Rapid Electronics Ltd
- Type: Limited
- Industry: Electronics
- Founded: 1979
- Founder: Mike Lee, Chris Stevenson
- Headquarters: Colchester, Essex, UK
- Products: Electronic components, cables & connectors, electrical & educational products
- Number of employees: 150
- Website: www.rapidonline.com

= Rapid Electronics =

UK distributor of electronic components and educational products

Rapid Electronics is a UK distributor of electronic components and educational products, and supporter of science, engineering and educational initiatives, based in Colchester, Essex.

== History ==
Rapid Electronics was established by Mike Lee and Chris Stevenson in 1979. The company at this time was based in a converted barn above a garage at Aylesford, Kent
and held stock of around 200 products.
Rapid started by advertising in the retail electronics press to generate sales and a small single sheet catalogue was mailed to customers.

From 1981 the focus was developing sales into electronics departments at universities and colleges and this strategy was successful over the next 10 years.
Due to expansion the company moved to Boxted in Essex in 1983 and continued to grow. Increasing sales led to a number of further moves to larger premises in the Colchester area, culminating in the building of the current 18,000sq.ft premises in Severalls Lane, Colchester.
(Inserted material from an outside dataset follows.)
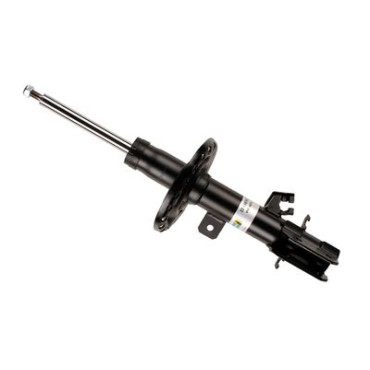 Амортизатор підвіски BILSTEIN 22165787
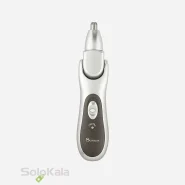موزن گوش و بینی سورکر مدل SK-703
In late 2012 the company became part of the German-owned Conrad Electronic and by 2014 Rapid had increased its stock-holding to over 100,000 products. Employing around 150 people, the company is currently located in premises close to the A12 and the Colchester Community Stadium.

== Products ==
The company's core products are electrical components such as resistors, capacitors and LEDs.

== Customers ==
Among the company's customers are electrical contractors, design engineers and assembly manufacturers, users of open source programming hardware such as Arduino and Raspberry Pi, makers of audio equipment, amateur radio and model railway enthusiasts..

Rapid Electronics is also a supplier to primary schools, secondary schools and further education institutions in the UK, specialising in equipment for the science, electronics and technology areas of the National Curriculum.

== Educational initiatives ==
From 2004 to 2013 Rapid Electronics partnered Toyota Manufacturing UK developing and co-ordinating the Toyota Technology Challenge, latterly known as the Toyota STEM Challenge. Pupils designed, built and raced environmentally friendly vehicles using solar power or PIC microcontroller technology. Rapid helps co-ordinate the UK Championships for the VEX Robotics Design System, an educational robotics platform, alongside other partners such as National Grid plc and Teach Design. The company has supported many educational projects, initiatives and competitions, including Near Space school projects, the Jaguar Maths in Motion Challenge, the Suffolk Creative Computing Club, the Formula Gravity racing project and individual schools in robotics and science themed competitions. Rapid also provides resources and technical support to the Young Engineers organisation, which runs a network of engineering challenges and clubs across the UK.